WORK ORDER> In the entries below, find the line containing "Как сделать хороший" and the line containing "Shiny Button Circle Icon with Reflection". Copy those two lines and everything between them exactly, and only that.
(AVAILABLE RECORDS begins)
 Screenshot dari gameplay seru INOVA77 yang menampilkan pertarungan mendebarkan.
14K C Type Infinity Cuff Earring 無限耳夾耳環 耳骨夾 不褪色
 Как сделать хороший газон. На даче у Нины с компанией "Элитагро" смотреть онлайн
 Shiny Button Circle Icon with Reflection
(AVAILABLE RECORDS ends)
(AVAILABLE RECORDS begins)
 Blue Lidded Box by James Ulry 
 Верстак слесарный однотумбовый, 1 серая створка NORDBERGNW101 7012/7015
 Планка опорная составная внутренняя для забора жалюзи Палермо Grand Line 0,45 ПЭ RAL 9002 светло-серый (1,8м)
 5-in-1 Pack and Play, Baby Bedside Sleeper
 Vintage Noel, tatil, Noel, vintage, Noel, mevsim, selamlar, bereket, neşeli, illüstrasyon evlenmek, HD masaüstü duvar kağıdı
(AVAILABLE RECORDS ends)
(AVAILABLE RECORDS begins)
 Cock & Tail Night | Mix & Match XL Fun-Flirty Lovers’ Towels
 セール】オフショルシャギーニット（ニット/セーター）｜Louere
(AVAILABLE RECORDS ends)
RESULT>
 Как сделать хороший газон. На даче у Нины с компанией "Элитагро" смотреть онлайн
 Shiny Button Circle Icon with Reflection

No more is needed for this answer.